We stare at each other some more. I’m wondering if she would

let me kiss her again. I’m wondering if I should leave.

“It’ll be easy to stop this,” I say.

I’m lying.

“No, it won’t,” she says.

She’s telling the truth.

“You think they’ll get married?”

She nods. For some reason, I don’t love this nod as much. I

don’t love the question it’s answering.

“Miles?”

She looks down at her feet. She says my name like it’s a gun

and she’s firing a warning shot and I’m supposed to run.

I sprint. “What?”

“We only rented the apartment for a month. I overheard her

on the phone with him yesterday.” She looks back up at me.

“We’re moving in with you in two weeks.”

I trip over the hurdle.

She’s moving in with me.

She’ll be living in my house.

Her mother is going to fill all my mother’s empty spaces.

I close my eyes. I still see Rachel.

I open my eyes. I stare at Rachel.

I turn around and grip the counter. I let my head fall between

my shoulders. I don’t know what to do. I don’t want to like her.

I don’t want to fall in love with you, Rachel.

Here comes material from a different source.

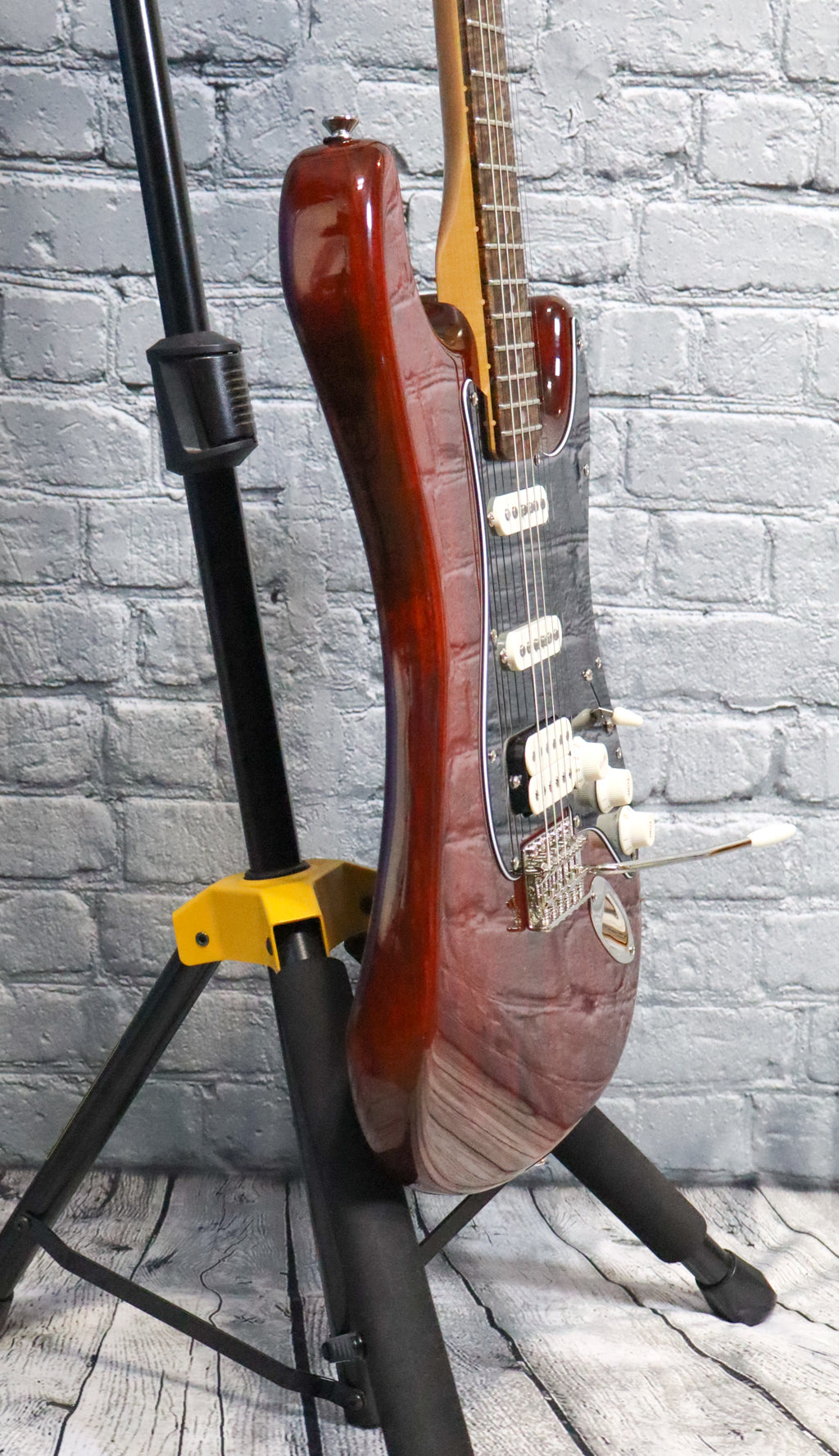 Squier Classic Vibe 70s Stratocaster HSS-Walnut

I’m not stupid. I know how lust works.

Lust wants what lust can’t have.

Lust wants me to have Rachel.

Reasoning wants Rachel to go away.

I take Reasoning’s side, and I turn to face Rachel again. “This

won’t go anywhere,” I tell her. “Thisthing with us. It won’t end

well.”

“I know,” she whispers.

“How do we stop it?” I ask her.

She looks at me, hoping I’ll answer my own question.

I can’t.

Silence.

Silence.

Silence.

LOUD, DEAFENING SILENCE.

I want to cover my ears with my hands.

I want to cover my heart with armor.

I don’t even know you, Rachel.

“I should leave,” I say.

She tells me okay.

“I can’t,” I whisper.

She tells me okay.

We stare at each other.

Maybe if I stare at her enough, I’ll get tired of staring at her.

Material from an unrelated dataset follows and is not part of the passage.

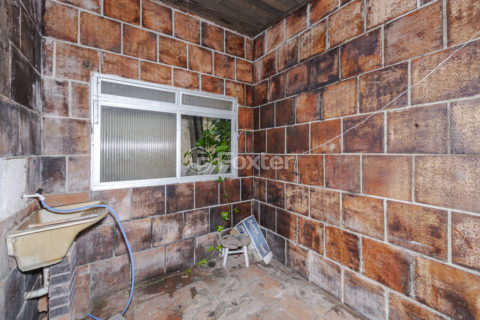 Image 33 - 1015911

I want to taste her again.

Maybe if I taste her enough, I’ll get tired of tasting her.

She doesn’t wait for me to reach her. She meets me halfway.

I grab her face and she grabs my arms, and our guilt collides

when our mouths collide. We lie to ourselves about the truth.

We tell ourselves we’ve got this … when we don’t have it at

all.

My skin feels better with her touching it. My hair feels better

with her hands in it. My mouth feels better with her tongue

inside of it.

I wish we could breathe like this.

Live like this.

Life would feel better with her like this.

Her back is against the refrigerator now. My hands are beside

her head. I pull away and look at her.

“I want to ask you a million questions,” I say to her.

She smiles. “I guess you’d better get started.”

“Where are you going to college?”

“Michigan,” she says. “What about you?”

“Staying here to get my bachelor’s, and then my best friend,

Ian, and I are going to flight school. I want to be a pilot. What

do you want to be?”

“Happy,” she says with a smile.

That’s the perfect answer.

“When’s your birthday?” I ask her.

“January third,” she says. “I’ll be eighteen. When’s yours?”

“Tomorrow,” I tell her. “I’ll be eighteen.”

She doesn’t believe that my birthday is tomorrow. I show her

my ID. She tells me happy early birthday. She kisses me again.

“What happens if they get married?” I ask her.

“They’ll never approve of us being together, even if they don’t

get married.”

She’s right. It would be hard to explain to their friends. Hard

to explain to the rest of the family.

“So what’s the point of continuing this if we know it won’t end

well?” I ask her.

“Because we don’t know how to stop.”

She’s right.

“You’re going to Michigan in seven months, and I’ll be here in

San Francisco. Maybe that’s our answer.”

She nods. “Seven months?”

I nod. I touch her lips with my finger, because her lips are

the kind of lips that need appreciating, even when they aren’t

being kissed. “We do this for seven months. We don’t tell

anyone. Then …” I stop talking, because I don’t know how to

say the words We stop.

“Then we stop,” she whispers.

“Then we stop,” I agree.

She nods, and I can actually hear our countdown begin.